La société Sogefinancement est donc fondée à revendiquer le paiement de sa créance au titre de ce prêt.
Sur le montant de la créance
La Société Sogefinancement sollicite la condamnation de M. [J] à lui payer la somme de 9 398,35 euros au titre du principal, à parfaire des intérêts au taux contractuel de 2,96% à compter du 22 juillet 2022 jusqu'à complet paiement,
L'appelante produit à l'appui de sa demande :
- une offre préalable de prêt personnel du 27 février 2018 avec bordereau de rétractation, FIPEN, synthèse des garanties d'assurances, notice explicative sur les contrats d'assurance destinée à l'assuré, demande d'adhésion, fiche de dialogue: revenus et charges, CNI et éléments de solvabilité et justificatifs de la signature électronique,
- une preuve de l'interrogation du FICP du 3 mars 2018,
- une lettre d'acceptation de l'emprunteur par le prêteur du 3 mars 2018,
- un tableau d'amortissement,
- un historique complet du crédit,
- un avenant de réaménagement du 14 novembre 2019 et un tableau d'amortissement,
- une lettre recommandée du 8 juin 2022 avec justificatif de l'envoi en AR,
- un décompte des sommes dues,
- une sommation de payer en date du 1er août 2022.
Au regard du décompte et des pièces produits, la créance de la société Sogefinancement s'établit comme suit :
- mensualités échues et impayées : 1842, 60 euros
- capital restant dû : 7555, 75 euros
Il convient donc de condamner M. [J] au paiement de la somme de 9 398, 35 euros.
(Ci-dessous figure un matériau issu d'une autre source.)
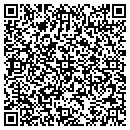 QR code with Messer GT & S contacts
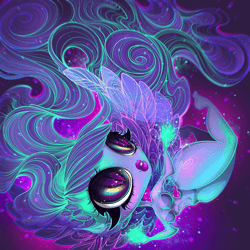 Fallen - bs5H2yBEKL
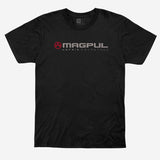Magpul Mens Unfair Advantage Cotton Short Sleeve T-Shirt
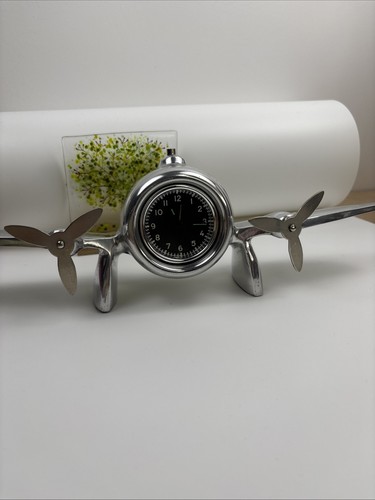 Vintage cast art deco style - vintage,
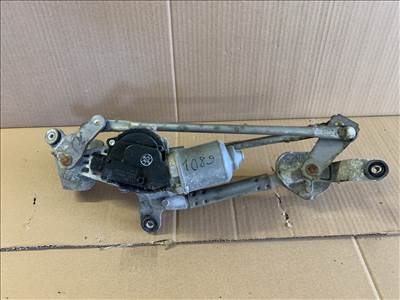 Suzuki SX4 első ablaktörlő szerkezet 3811079j00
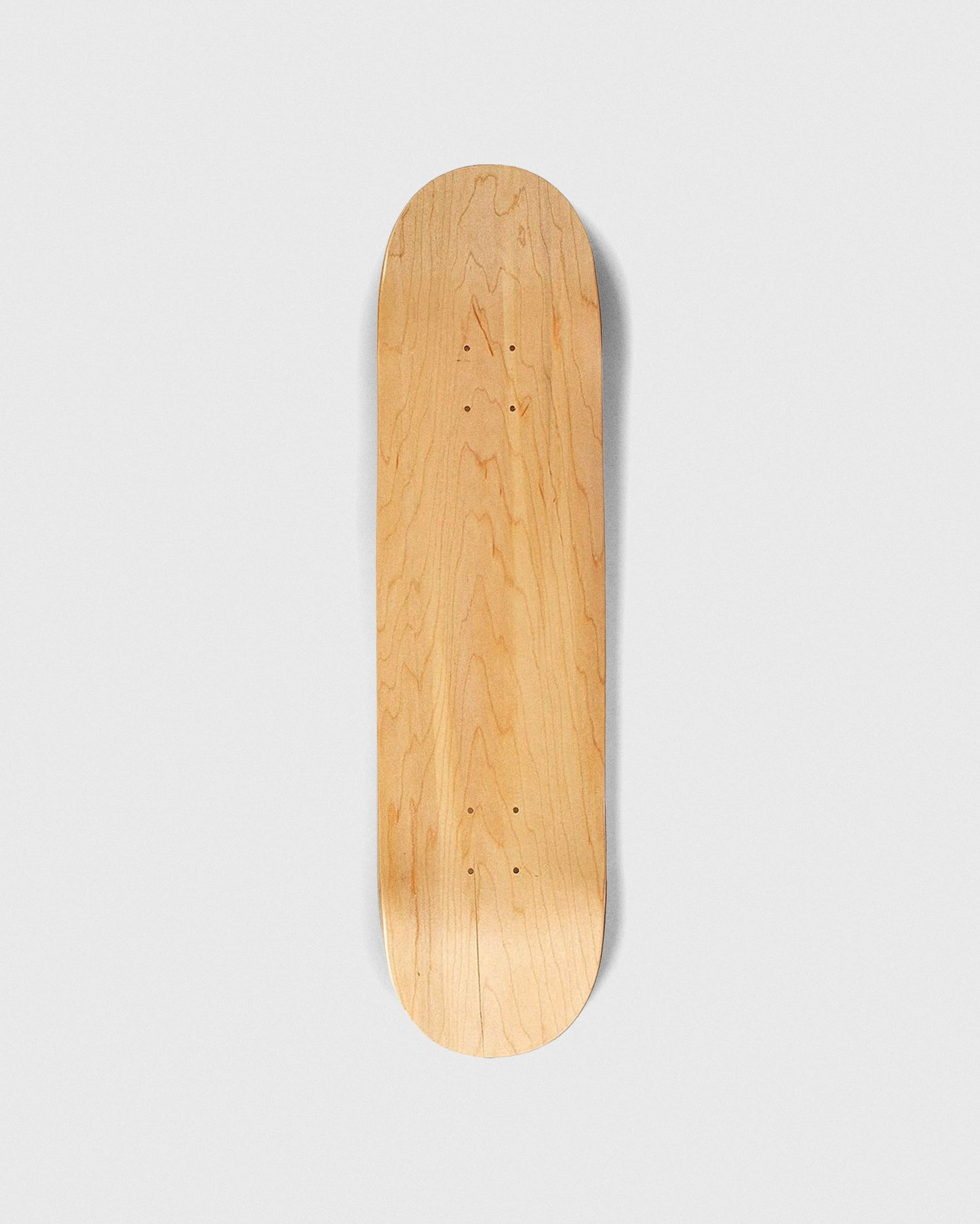 Skateboard - Ratimir 8"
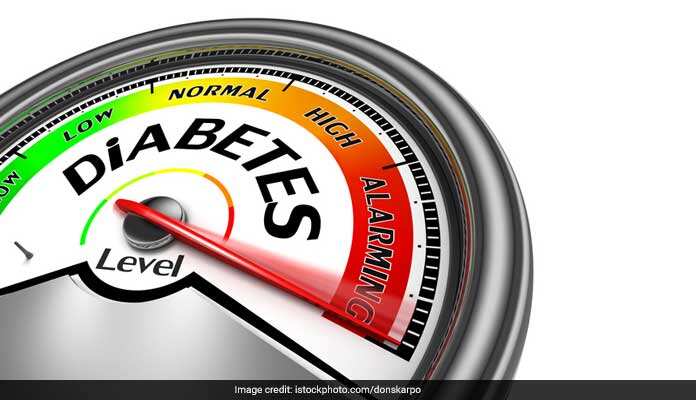 Diabetes: जब डायबिटीज में रखना हो उपवास या व्रत, तो रखें इन बातों का ध्यान... Diabetes: जब डायबिटीज में रखना हो उपवास या व्रत, तो रखें इन बातों का ध्यान...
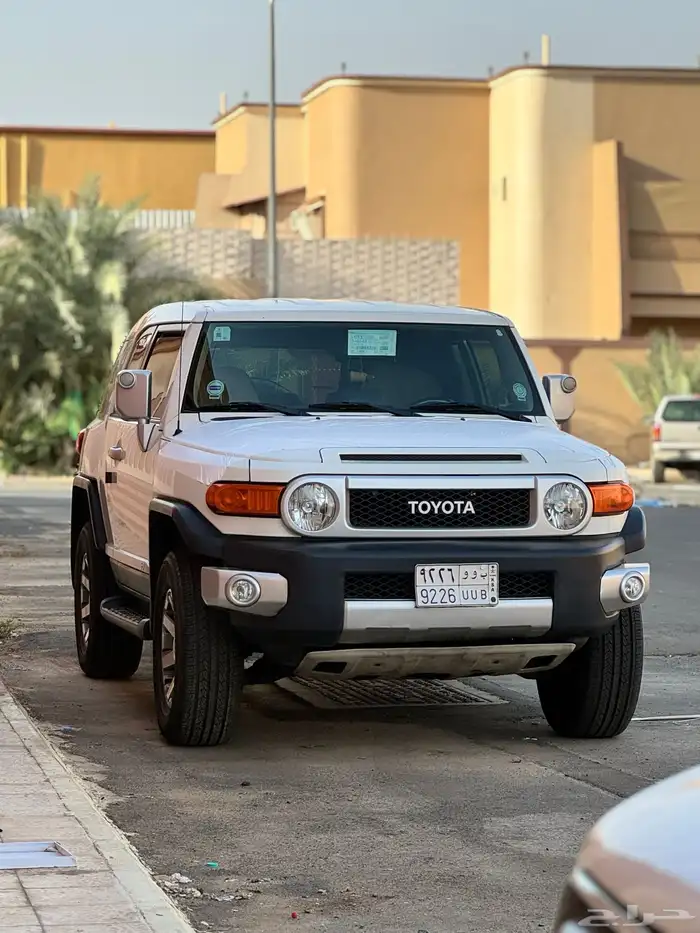 اف جي 2013 فل كامل 2 خزان صغير 0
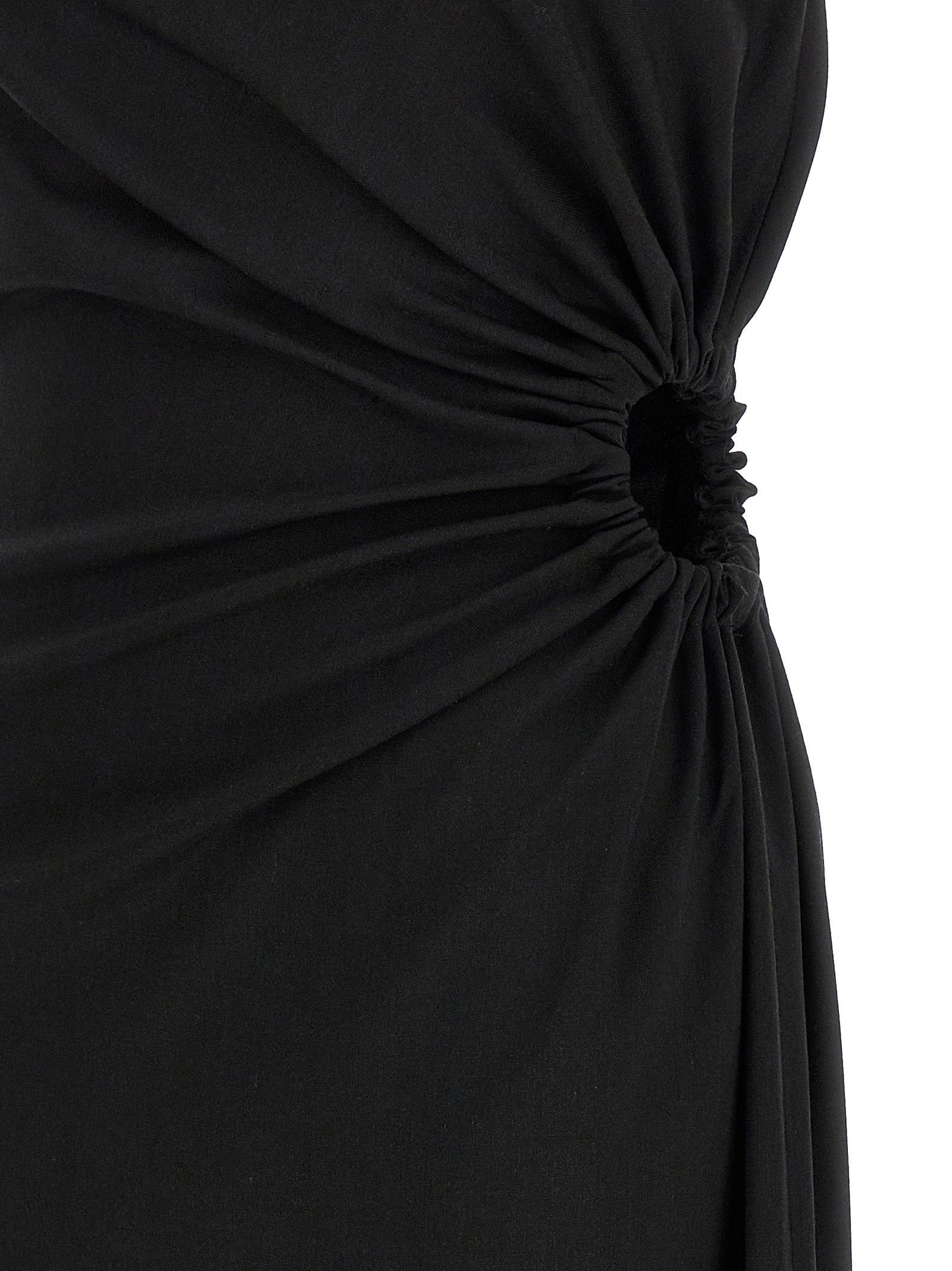 Max Mara Women's Silva Dress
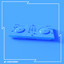 Blue Deck - Extended Mix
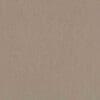 Hemp Colour Swatch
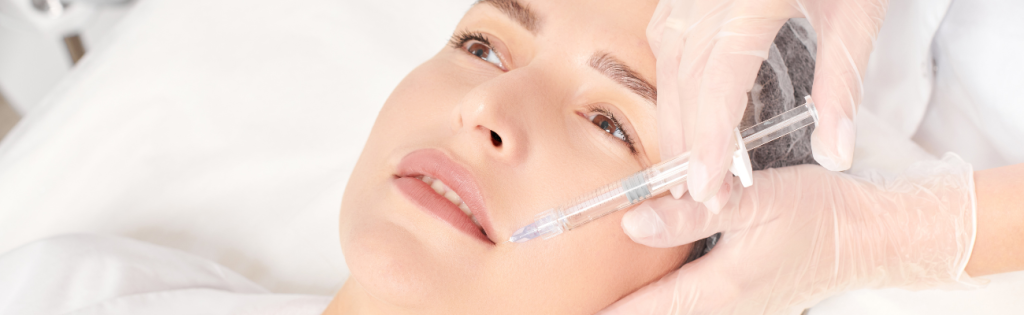 BLOGS 2023 04 12T143424.186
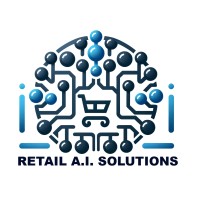 Retail A.I. Solutions logo - Similar company to Boxtech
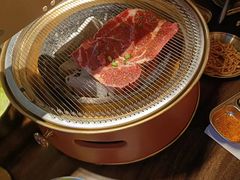 -西塔老太太泥炉烤肉(上海七宝领展广场店)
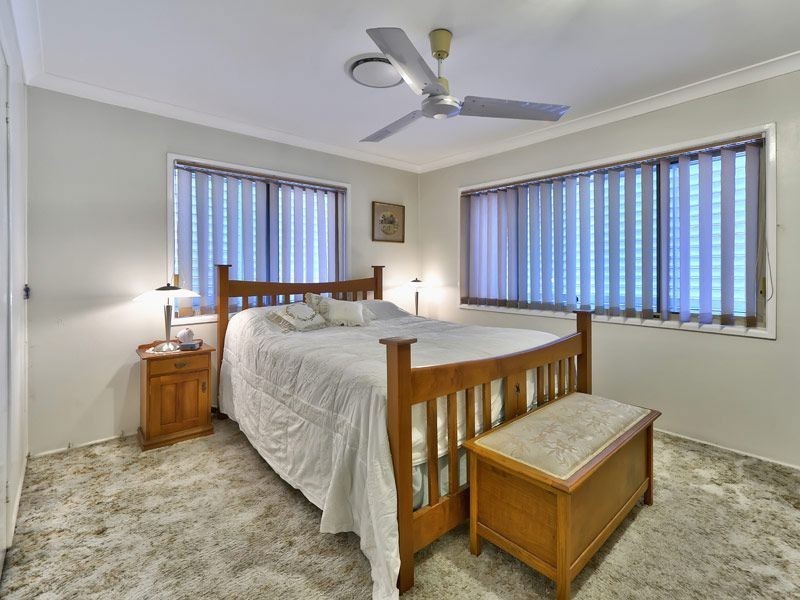 3 Glenside Street, Wavell Heights QLD 4012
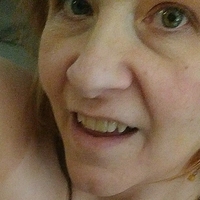 annemarieontour Nahé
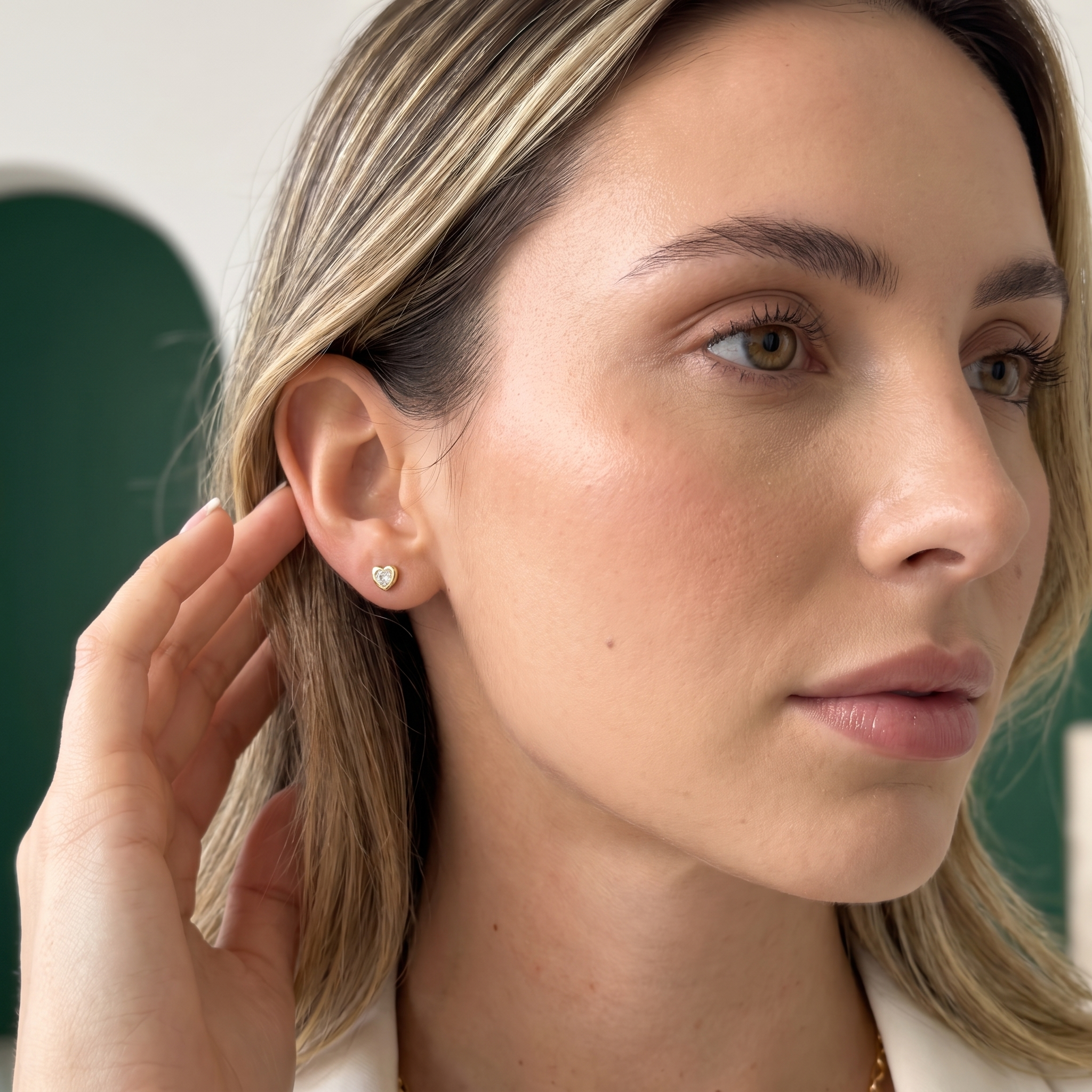 ARETES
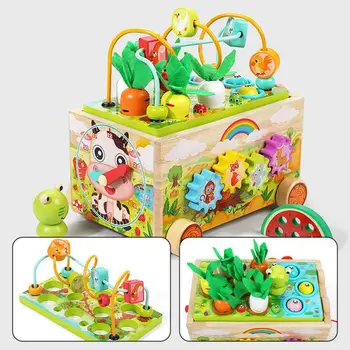 10 最佳銷售 配對遊戲 - №5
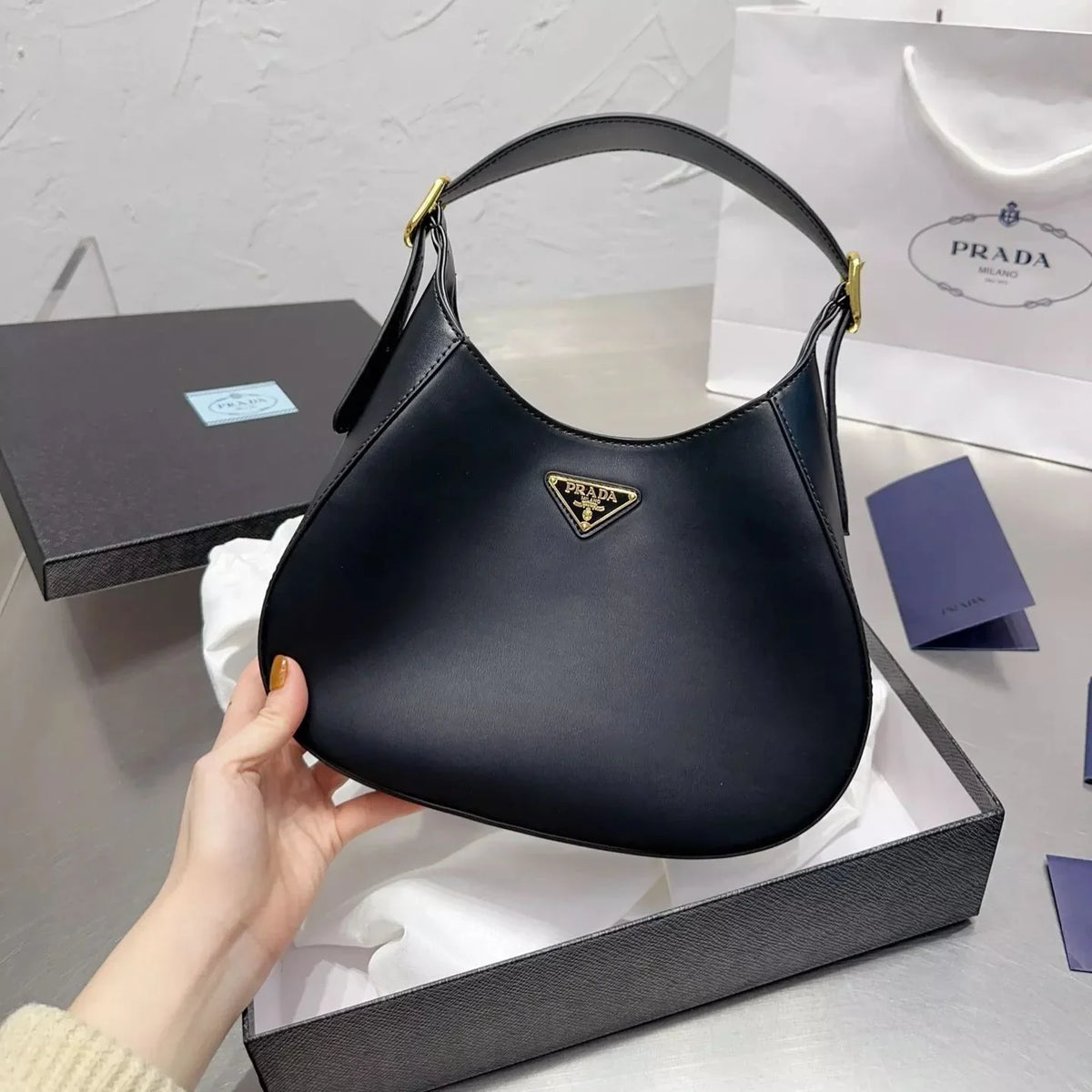 2026 Exquisite+leather+bags-560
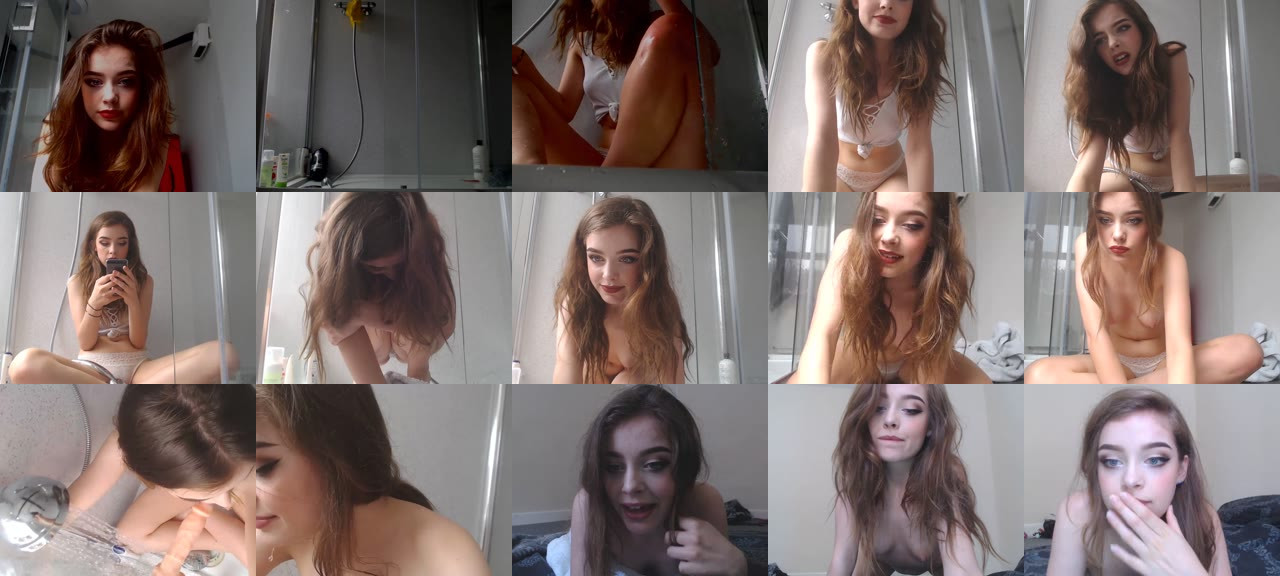 KittyCashew_-MFC-201807180954_m.jpg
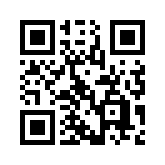 QR-Code https://ppt.cc/ndB7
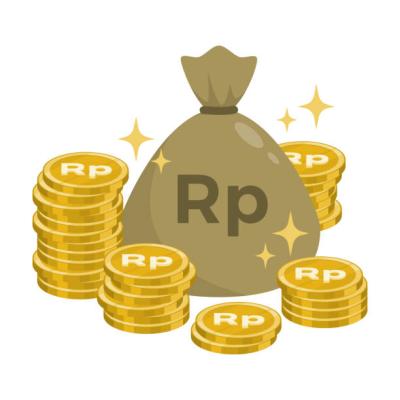 Rupiah Menguat ke Rp17.865 per Dolar AS, Ini Pemicunya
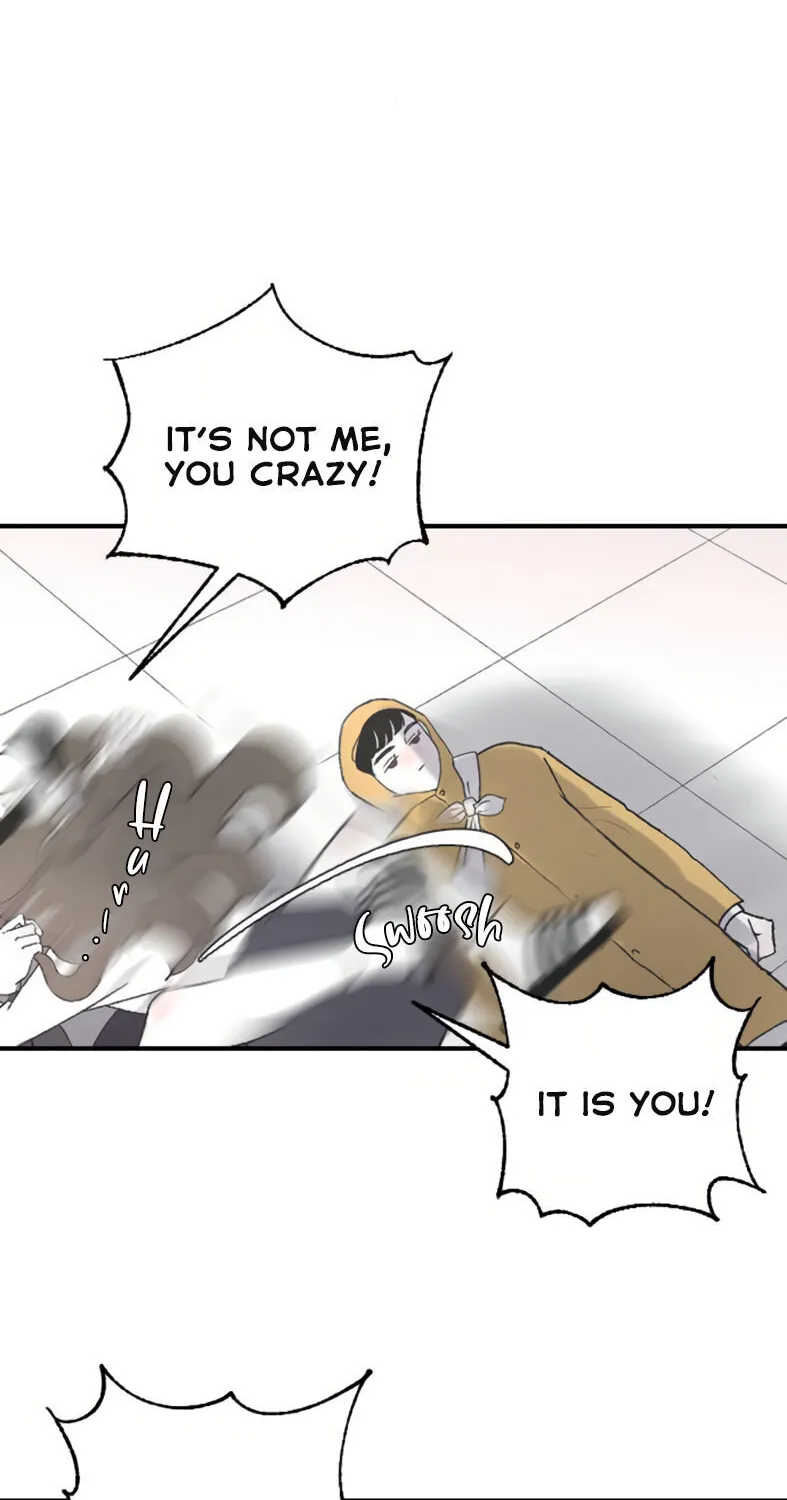 Read Three Brothers chapter 4 image 25 on Lezhin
Cette somme portera intérêt au taux contractuel de 2, 96 % à compter du 22 juillet 2022, jusqu'à parfait paiement.
Aux termes de l'article 1152 ancien du code civil, le juge peut toujours, même d'office, modérer ou réduire la pénalité prévue au contrat si elle est manifestement excessive ou dérisoire.
En l'espèce, compte tenu du taux d'intérêt contractuel modéré, et de l'absence de règlement de nombreuses échéances malgré réaménagement, il convient de fixer l'indemnité contractuelle de 8% à la somme de 735,32 euros, qui portera intérêts au taux légal à compter du présent arrêt jusqu'à parfait paiement.
Sur l'indemnité procédurale et les dépens
M. [J], partie perdante en cause d'appel, est condamné aux dépens de première instance et d'appel, les dispositions du jugement de première instance relatives aux dépens étant infirmées.
M. [J] est condamné à payer à la société Sogefinancement la somme de 1000 euros au titre des dispositions de l'article 700 du code de procédure civile.
PAR CES MOTIFS
La cour, par arrêt rendu par défaut, mis à disposition au greffe,
Infirme le jugement déféré en toutes ses dispositions,
Statuant à nouveau,
Déclare l'action en paiement de la société Sogefinancement recevable,
Condamne M. [S] [J] à payer à la Société Sogefinancement les sommes de :
- 9 398, 35 euros au titre du crédit du 14 novembre 2019, outre les intérêts au taux contractuel de 2, 96 % à compter du 22 juillet 2022 jusqu'à parfait paiement,
- 735, 32 au titre de la clause pénale, laquelle portera intérêts au taux légal à compter du présent arrêt jusqu'à parfait paiement,
Rejette les demandes de la société Sogefinancement plus amples ou contraires,
Condamne M. [S] [J] à payer à la société Sogefinancement, la somme de 1000 euros sur le fondement des dispositions de l'article 700 du code de procédure civile,
Condamne M. [S] [J] aux dépens de première instance et d'appel.
- prononcé hors la présence du public par mise à disposition de l'arrêt au greffe de la cour, les parties en ayant été préalablement avisées dans les conditions prévues au deuxième alinéa de l'article 450 du code de procédure civile.
- signé par Monsieur Philippe JAVELAS, Président et par Madame Céline KOC, Greffier, auquel la minute de la décision a été remise par le magistrat signataire.